Maple Sugaring in the Adirondacks
You may know that the Sugar Maple is New York State's official tree, yet it still might be a surprise to learn that New York State is the second largest producer of maple syrup in the United States. Tucked away in the northernmost region of the state, the Adirondack Region accounts for nearly one-third of the state's production. So you might say that maple sugaring is big business here in the North Country.
How to Make Maple Syrup
The prime time for harvesting maple syrup begins when daytime temperatures rise above freezing while the nights continue to dip back again. This regular temperature fluctuation creates ideal conditions for sap flow in sugar maple trees, and in the Adirondacks this happens sometime around the end of February.
Taps are placed about four-and-a-half feet up from the ground in a tree that is 12 inches or greater in diameter, while trees larger than 18 inches in diameter can accommodate two taps if placed correctly.
To collect the sap, plastic tubing is rigged from tap to tap, allowing sap to flow directly into a storage tank at a nearby sugar shack for processing. You may have seen this distinctive blue piping running along cross-country ski trails and roadways, or seen the traditional buckets still used by smaller maple producers.

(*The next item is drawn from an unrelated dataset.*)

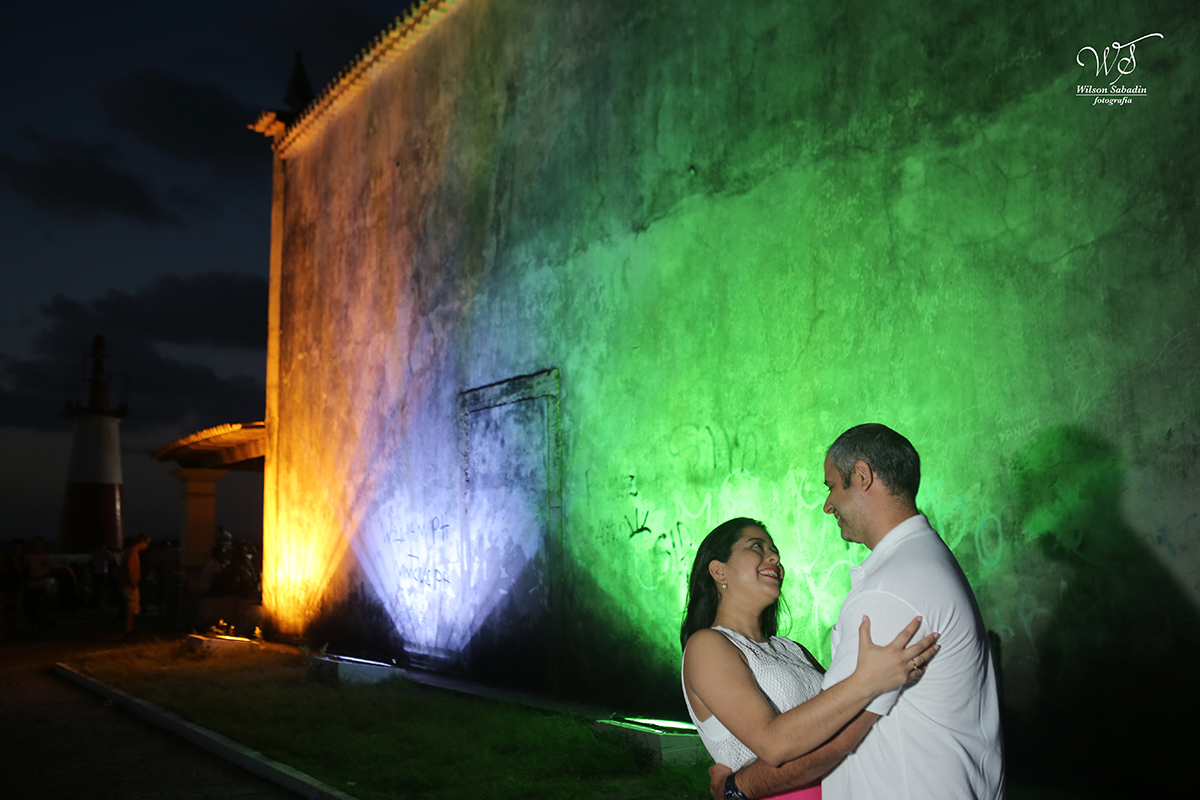 Fotografia de casamento, noivos, noiva, noivo, fotografia de noivos, cabelo,  fotografia de casal, ensaio de casal, pré casamento, pré wedding, atras da igreja do humaita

Once stored, the processing of maple syrup begins by feeding it into an evaporator and heated up to remove excess moisture. Like sauce bubbling in a pan on your stove, this removal of moisture concentrates the sugars. Once the maple syrup reaches a 66% to 67% sugar concentration, it is moved to a finishing pan, then cooled, filtered, graded and bottled.
American Maple Museum
Looking to learn more about maple syrup and the maple sugaring process? If you're looking for a side trip when you're in the Adirondacks region, the American Maple Museum in Croghan, NY is a great destination. Founded in 1977, the Museum has preserved New York State's maple legacy with displays of the history of Adirondack maple syrup production, a heritage that dates back to the Native Americans who first discovered the delicious natural treat - by accident, if the legend is true. Distance from South Meadow Farm: (2h 20min) 116 miles.